Many consumers are calling for the downfall, removal or just the simple conversion of the RIAA (Recording Industry Association of America) into a non-existent entity, for the time being, we will just have to make do with the “downfall” of the RIAA’s website.
The RIAA has been suing everyone and their grandmother for copyright infringement for one reason or another, even people without computers have been sued. In fact, it’s difficult to think of anyone who actually likes the RIAA these days, even some artists are jumping ship.
It turns out that Reddit users, not surprisingly, disagree with the RIAA so much so that a post claims to perform a slow SQL injection on the RIAA’s server which, in turn, makes the website run very slowly. This type of attack could eventually take down a website.
Let’s assume this happened because it certainly appears that it did. At some point, someone took it upon themselves to find a way in to the RIAA database and delete a good deal of it.
TorrentFreak is speculating as to what actually happened but it looks like the RIAA doesn’t have enough (or any?) programmers to deal with the situation as many of the pages are still missing content as of this post.
If the RIAA wants to continue spreading its “message” it had better restore whatever backups it has, sooner rather than later. That is, if backups were in its budget seeing as how 99% of its staff seem to be lawyer types.
Below, we have a few images of what the website looked like without its content.
In fact, the only sidebar link that works is the News Room but even then, the links that appear in that section are dead or go to missing pages.
There are even reports that a link to ThePirateBay was present in one of the pages but I have yet to see or replicate that particular issue.
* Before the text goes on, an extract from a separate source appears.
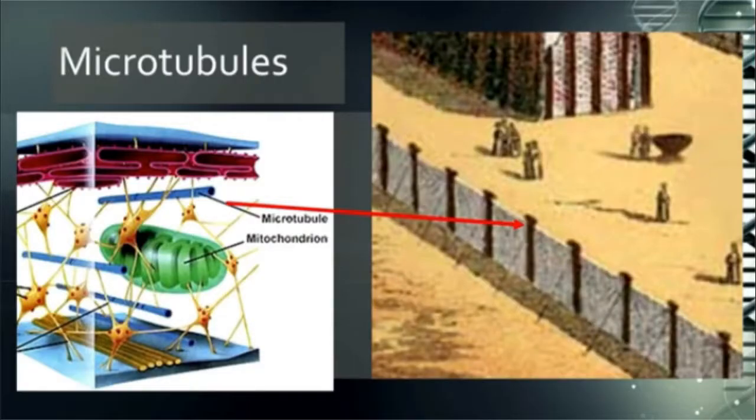I came across a word called microtubules. You can probably break that word down easily. Micro would mean little bitty, and tubules means little tubes — that is literally what the word means: little tubes.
If the RIAA finds their way to fixing its website, it had better plug the vulnerability that allowed this to happen in the first place because if it doesn’t, this will probably happen more often and frequently because it is now one of the most detested organizations in recent history.
[UPDATE:] Shortly after this post was completed, the RIAA seems to have repaired the website but who knows, it may still be vulnerable to future attacks. It is, however, running somewhat slowly.